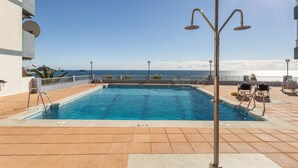 A rooftop pool with a clear view of the ocean, a metal pool ladder, and a metal pole with lights. - Apartment with Sea View, Balcony, and Air Conditioning (Almunecar)
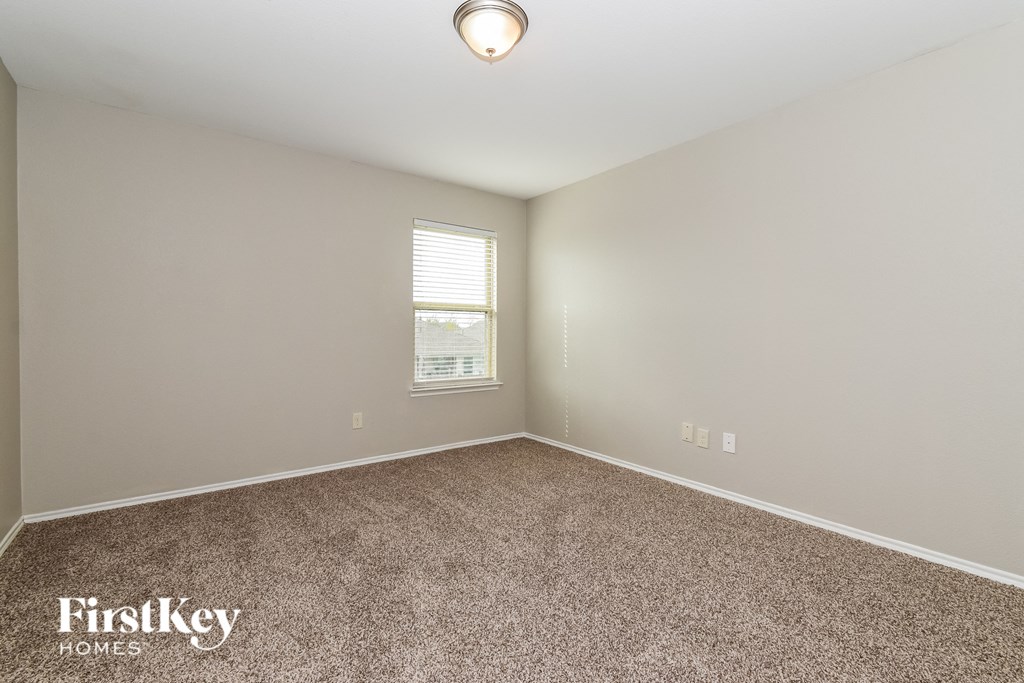 the spacious living room with carpeting and a window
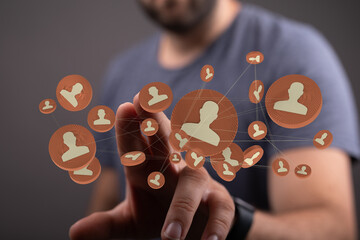 A conceptual shot of a man using a digital interface to connect with network icons, social media, and connections.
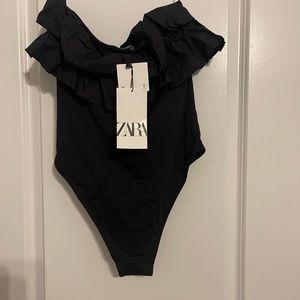 Zara black one piece swim suit or body suit with ruffle along top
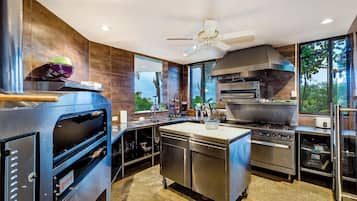 A commercial kitchen with a large oven, a stove, and a ventilation hood.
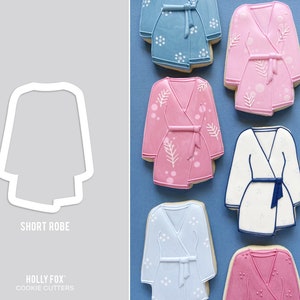 May include: A set of six cookie cutters shaped like short robes. The cookie cutters are made of white metal and are arranged in a row on a blue background. The cookie cutters are labeled "Short Robe" and "Holly Fox Cookie Cutters".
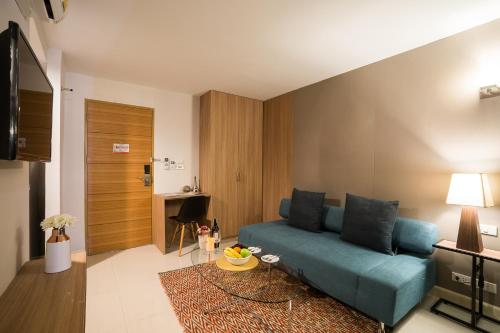 a living room with a blue couch and a table at Beyond Suite in Bangkok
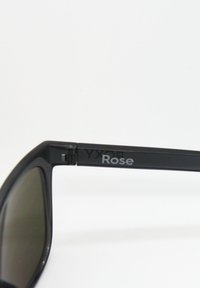 Mustat aurinkolasit tummilla linsseillä, joissa on sileä pinta ja näkyvä brändimerkintä "Rose" kehystyypin sivussa.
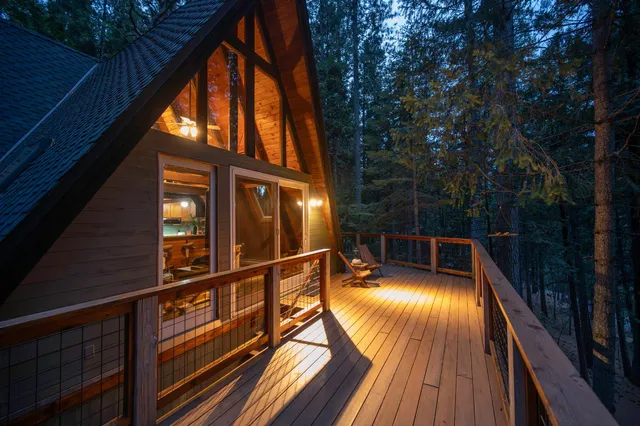 a view of balcony with wooden floor and outdoor seating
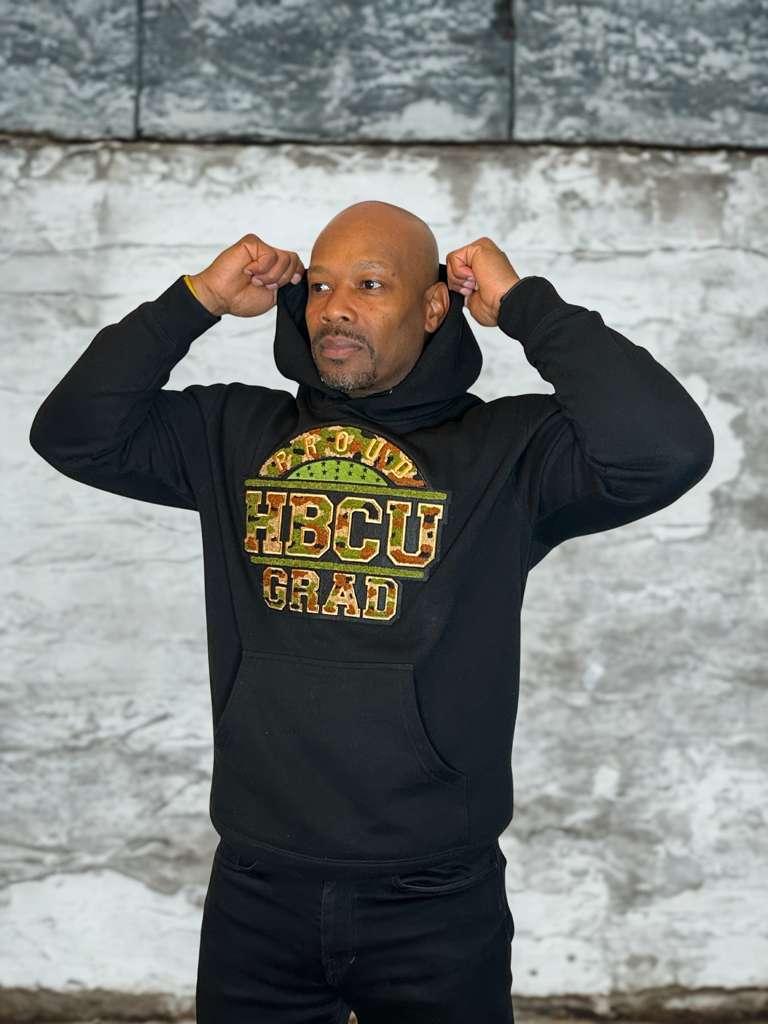 Model wearing a black Proud HBCU Grad hoodie with a handcrafted camo chenille patch, varsity-style stitched lettering.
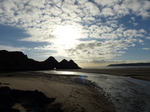 FZ010214 Three Cliffs Bay hole in rocks and river over beach.jpg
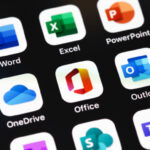 Microsoft Office (Word, Excel, OneDrive, Outlook and other mobile app on the screen iPhone. Microsoft Corporation is an American multinational technology company. Moscow, Russia - December 5, 2020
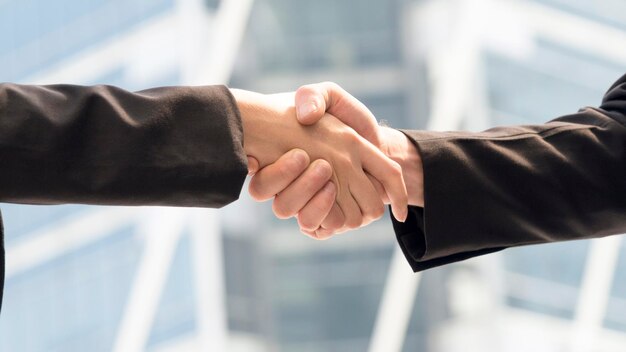 Cropped image of business people shaking hands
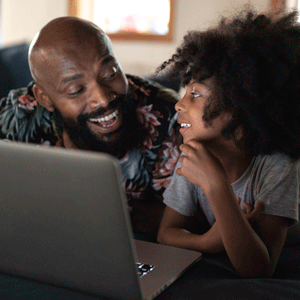父亲和女儿在笔记本电脑上看电影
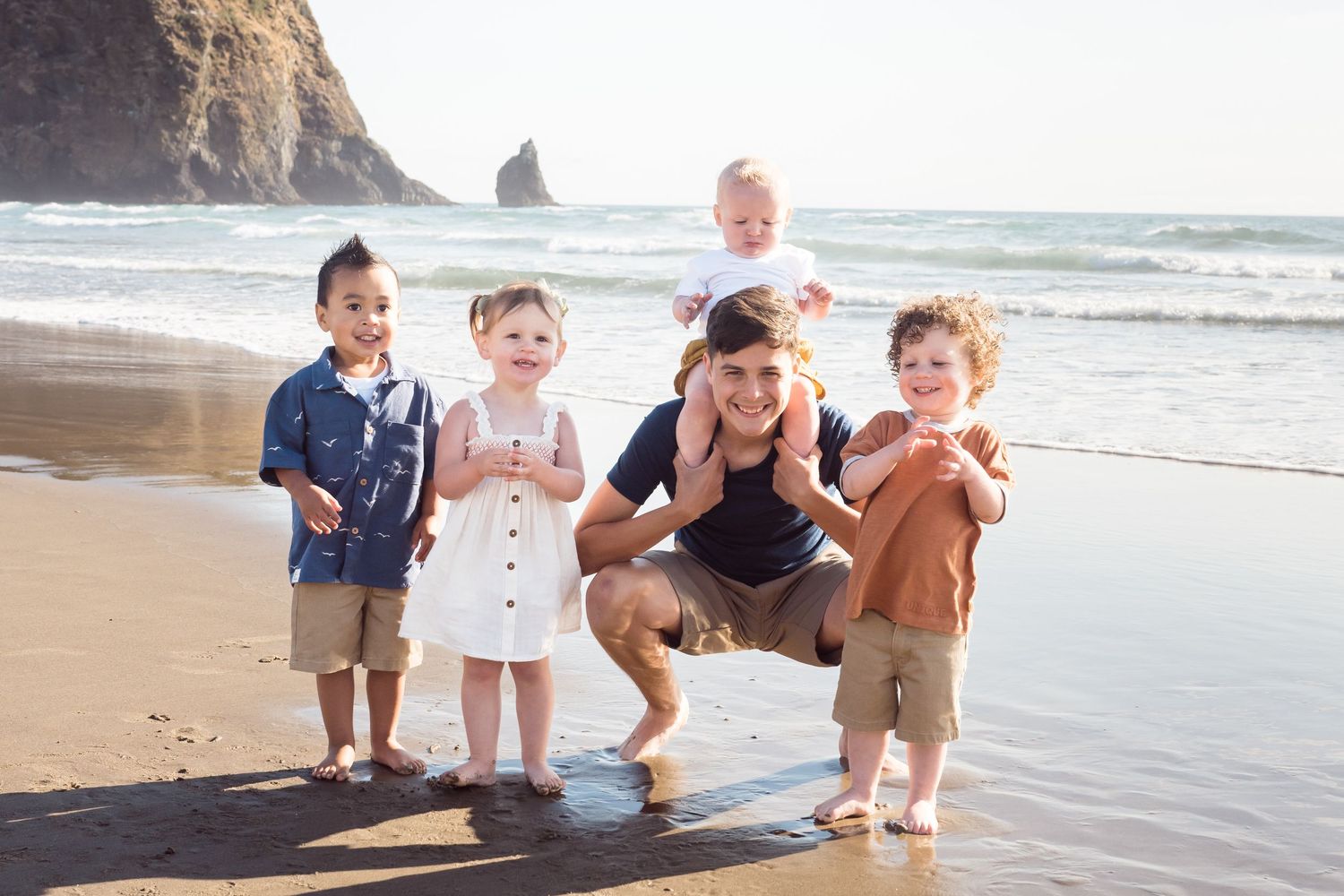 Family playing at Cannon Beach in Oregon during a relaxed outdoor family portrait session at sunset.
+ + +
EXERCISE — Begin with the line holding "Cropped image of" and end with the last line of the listing. Reproduce each of those lines exactly, and leave every picture out.

EXERCISE ANSWER —
 Cropped image of business people shaking hands
父亲和女儿在笔记本电脑上看电影
 Family playing at Cannon Beach in Oregon during a relaxed outdoor family portrait session at sunset.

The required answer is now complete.